In 2015, attorneys with Alliance Defending Freedom (ADF) filed a federal lawsuit on Cochran’s behalf, claiming the “Defendants fired Cochran solely because he holds religious beliefs concerning same-sex marriage and homosexual conduct that are contrary to the Mayor’s and the City’s views on these subjects, and because he expressed those beliefs in the non-work-related, religious book he self-published.”
According to ADF, in December 2017, a federal district court recognized that the city of Atlanta’s actions were unconstitutional. The court struck down Atlanta’s policy that requires government employees to receive permission before engaging in free speech outside of their jobs, the very policy the city used to justify firing Cochran.
This week, the City of Atlanta agreed to pay $1.2 million in a settlement, recognizing that Cochran had suffered unconstitutional harm.
Why It Matters: Fire Chief Cochran’s victory reveals—once again—that freedom of religion and freedom of speech are often intertwined.

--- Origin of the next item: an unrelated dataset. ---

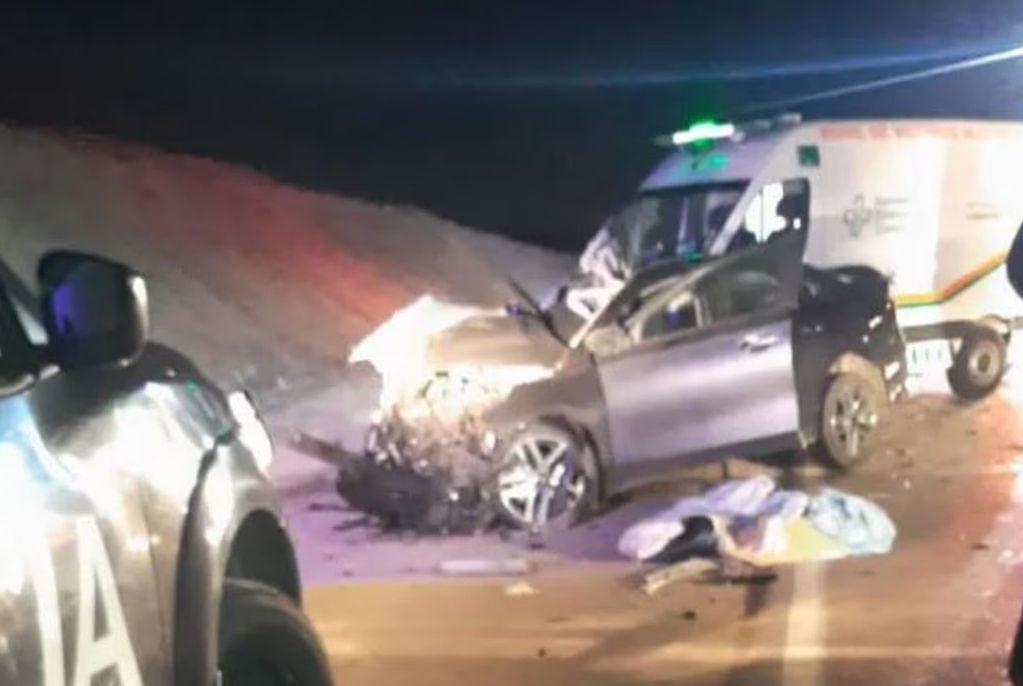 El vehículo habría perdido el control y colisionó frontalmente con un camión.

In his 162-page devotional book, written on his personal time, Cochran briefly mentions his Christian views on sex and marriage. But the city of Atlanta used the “pre-clearance” rules as an excuse to fire him over speech and beliefs they disagreed with. That’s not allowed by the First Amendment, said the U.S. District Court for the Northern District of Georgia in its decision in Cochran v. City of Atlanta,
This policy would prevent an employee from writing and selling a book on golf or badminton on his own time and, without prior approval, would subject him to firing. It is unclear to the Court how such an outside employment would ever affect the City’s ability to function, and the City provides no evidence to justify it . . . The potential for stifled speech far outweighs an unsupported assertion of harm.
That ruling sets a precedent that will prevent other government employees from being fired for expressing their personal religious views without approval.
“The government can’t force its employees to get its permission before they engage in free speech. It also can’t fire them for exercising that First Amendment freedom, causing them to lose both their freedom and their livelihoods,” said ADF Senior Counsel Kevin Theriot, who argued before the court on behalf of Cochran last year. “We are very pleased that the city is compensating Chief Cochran as it should, and we hope this will serve as a deterrent to any government that would trample upon the constitutionally protected freedoms of its public servants.”